Brighton & Hove Albion clearly have one of the finest football grounds in the whole football league.  Envied by both clubs and fans, plans were submitted initially for the stadium following the club’s previous home, The Goldstone Ground, was sold by the club’s former board (Greg Stanley, Bill Archer and David Bellotti) to developers in 1995 without having a new home arranged.

When the club was evicted at the end of the 1996-1997 season, BHA shared a ground for two seasons with Gillingham at the Priestfield Stadium, 75 miles away in Kent.

Two years later the club returned to Brighton as tenants of Withdean Stadium.

The site at Falmer was first identified during the 1998-99 season and it was hoped that the stadium would be completed in the early to mid 2000’s. However, many delays in gaining planning permission meant that the club would have to wait until August 2011 before being able to play their home games there – more than a decade after the stadium was first proposed.

Planning Permission

Planning permission was given by the unitary authority of Brighton and Hove in June 2002, with the intention of the stadium being ready for the 2005-2006 season. The plans for the stadium were fought by neighbouring Lewes District Council and local residents.

Further complications were due to both vacant fields, and the campus of the adjacent University of Sussex, being included in the South Downs Area of Outstanding Natural Beauty, although outside the National Park. This led to the designation of the stadium plans being the subject of a separate planning inquiry by the Office of the Deputy Prime Minister.

John Prescott (then Deputy PM) approved the plans on 28th October 2005. However, Lewes District Council, immediately mounted a new legal challenge to the stadium plans. In April 2006, Prescott admitted that he had given his approval based on the misconception that only a small part of the stadium site lay on the Lewes side, and withdrew it!!!

Hazel Blears, the Secretary of State responsible for planning, re-affirmed the approval on 25th July 2007. Her decision went against the advice of the planning inspectors. Lewes District Council, Falmer Parish Council and the South Downs Joint Committee (the three main opponents) announced shortly afterwards that they would not mount a high court challenge. On 4th September 2007, the deadline for appealing the new grant of permission expired and at last the club received full permission to proceed with the development.

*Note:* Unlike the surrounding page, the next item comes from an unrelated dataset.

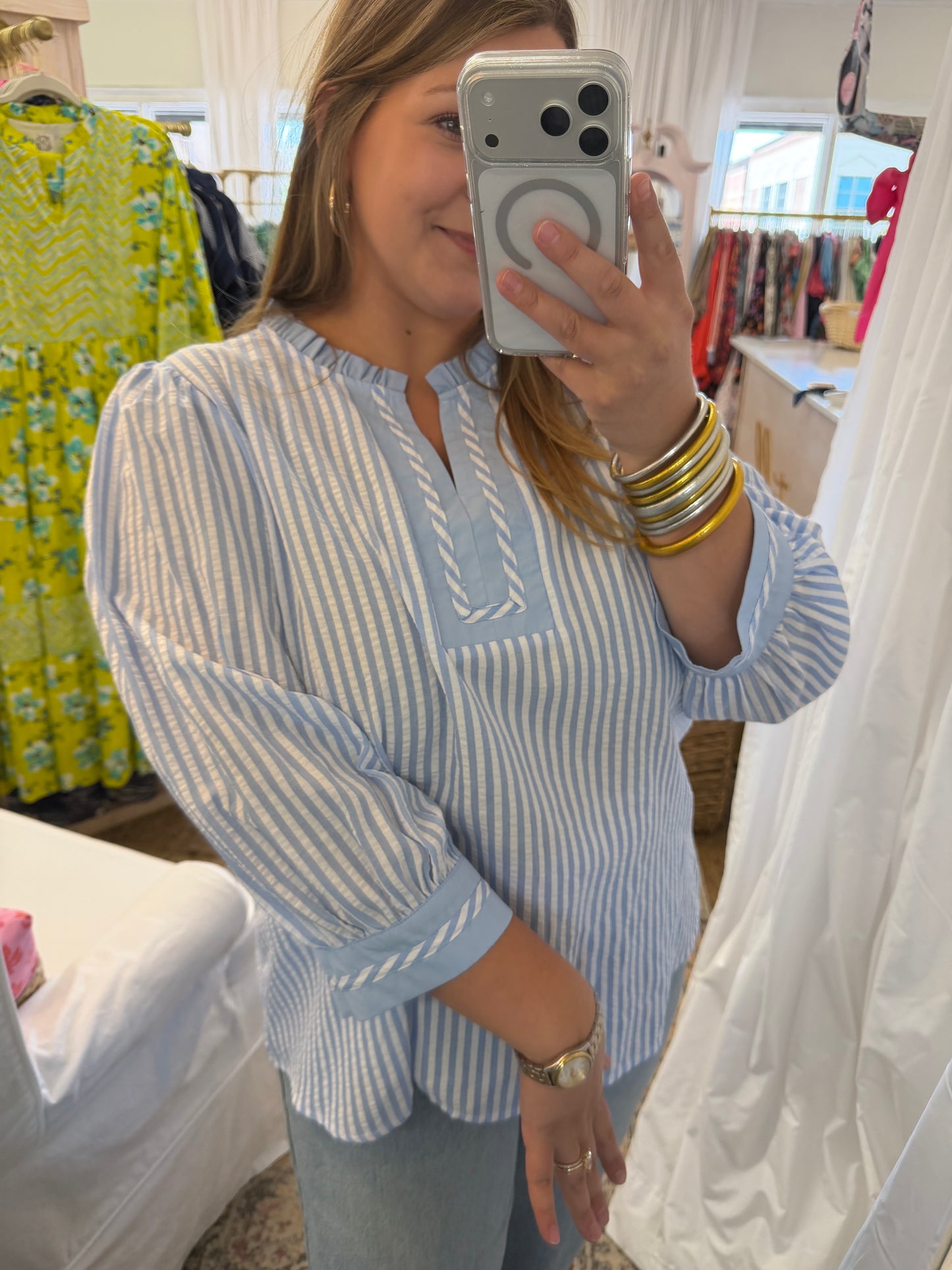 Seersucker Ruffle Neck Blouse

On 27th November 2008 the Buckingham Group signed the construction contract for the new stadium and began preparation work on site on 17 December.

The stadium is set three storeys down into the ground. 138,000 cubic metres of chalk was excavated for its construction, which was put on the field on the south side of Village Way. This has been estimated to preent 20,000 lorry trips taking the chalk to landfill.

Construction on site officially started on 17th December 2008 and finished in May 2011.

The stadium itself was designed by London-based Architects KSS.

The deal with American Express Europe, Brighton and Hove’s biggest private sector employer, confirming the naming rights of the stadium was announced on 22nd June 2010.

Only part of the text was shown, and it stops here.